FORTUNE — Kudos to SlashGear‘s Chris Burns for declining to take at face value Google’s (GOOG) claim, made at the launch of the new version of the Nexus 7 tablet last week, that the original Nexus 7 was more popular in Japan than Apple’s (AAPL) iPad.

Burns ran the numbers past IDC — a research firm that’s done its share of heavy lifting for Google — and discovered that they were based on a BCN survey in January of 2,400 Japanese retail outlets (about 16% of the total) and did not include iPad sales from any of Japan’s seven Apple Stores, its two largest telecom partners, or Apple’s direct online channel.

Far from being outsold 44.4% to 40.1%, as Google claimed, the iPad in Japan clobbered the Nexus 7 by better than 2 to 1 — 773,000 iPads to 350,000 Nexus 7s — according to IDC’s Q4 2012 numbers.

The tech press could do well to apply a little Burnsian skepticism to Google’s other claims, such as the Google+ numbers CEO Larry Page likes to trot out to give the impression (see chart above) that Google’s social media experiment is giving Facebook (FB) and Twitter a run for their money — an impression actual usage numbers show to be false.

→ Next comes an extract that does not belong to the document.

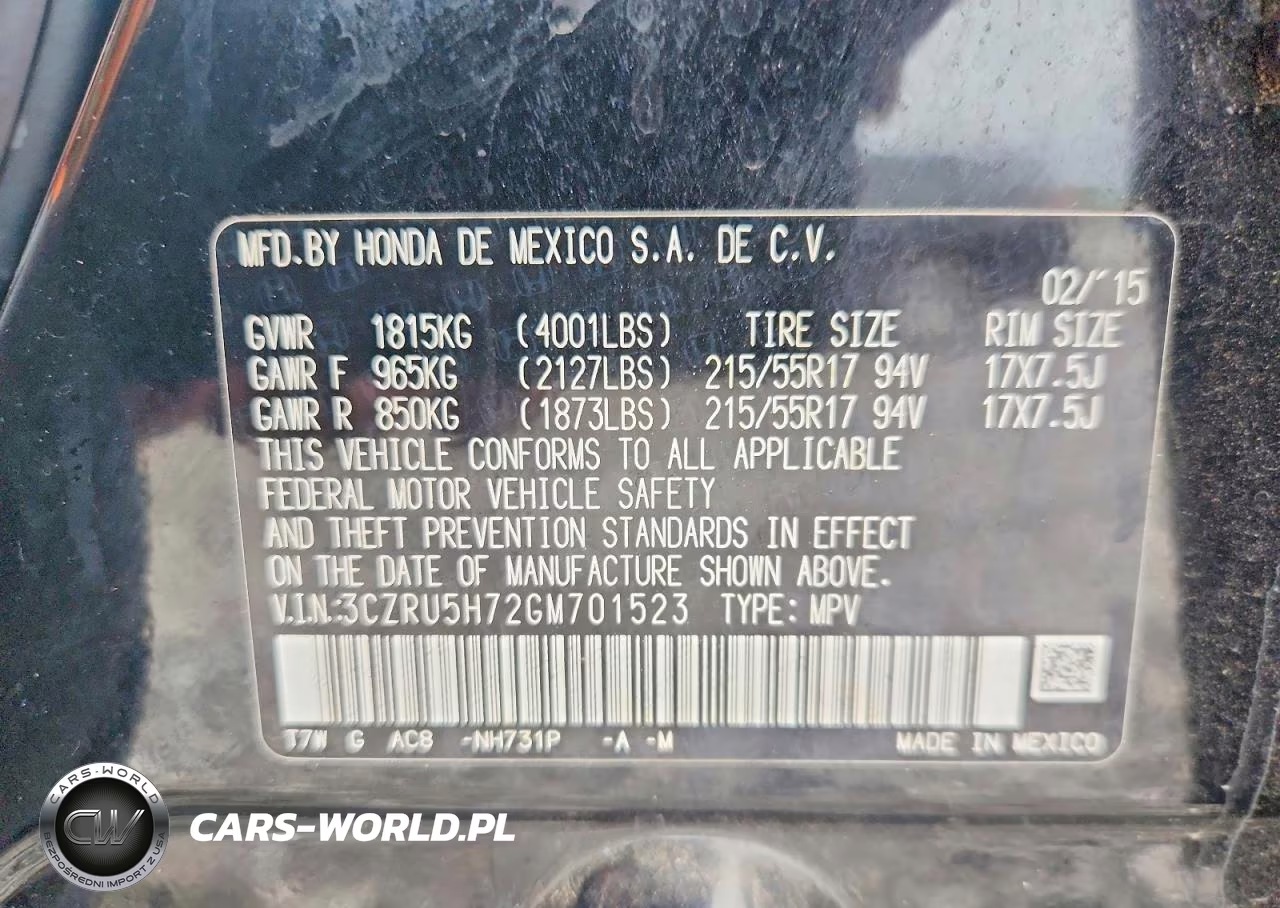 2016 Honda Hr-V Exl VIN:3CZRU5H72GM701523 - 13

Perhaps Google’s most egregious statistical inflations are its frequently updated Android activation numbers, which it claimed last week have reached 1.4 million per day and are on a trajectory to hit a total of 1 billion by late summer or early fall — leaving Apple’s iOS breathing Googley dust.


Click to enlarge.

But not all mobile activations are alike, as the MacNN staff pointed out on Tuesday.

Google’s activation numbers, MacNN writes, include any device running any version of Android — counting, for example, Chinese-made handsets that have no contact with Google services or stores and may never set foot on the Internet. They also include non-Google Android variants, such as the proprietary Android-like OSs that run Amazon’s (AMZN) Kindle and Kindle Fire.

[Apple has been known to publish total iOS numbers that lump together iPhones, iPads and iPod touches. But unlike its competitors, Apple also releases sales numbers for most of those devices (the iPod touch being the conspicuous exception).]

For a dramatic visualization of how far Google’s Android activation numbers are from delivering a coherent software ecosystem to developers, see the collection of Android fragmentation graphics — including the one posted above — created by Open Signal.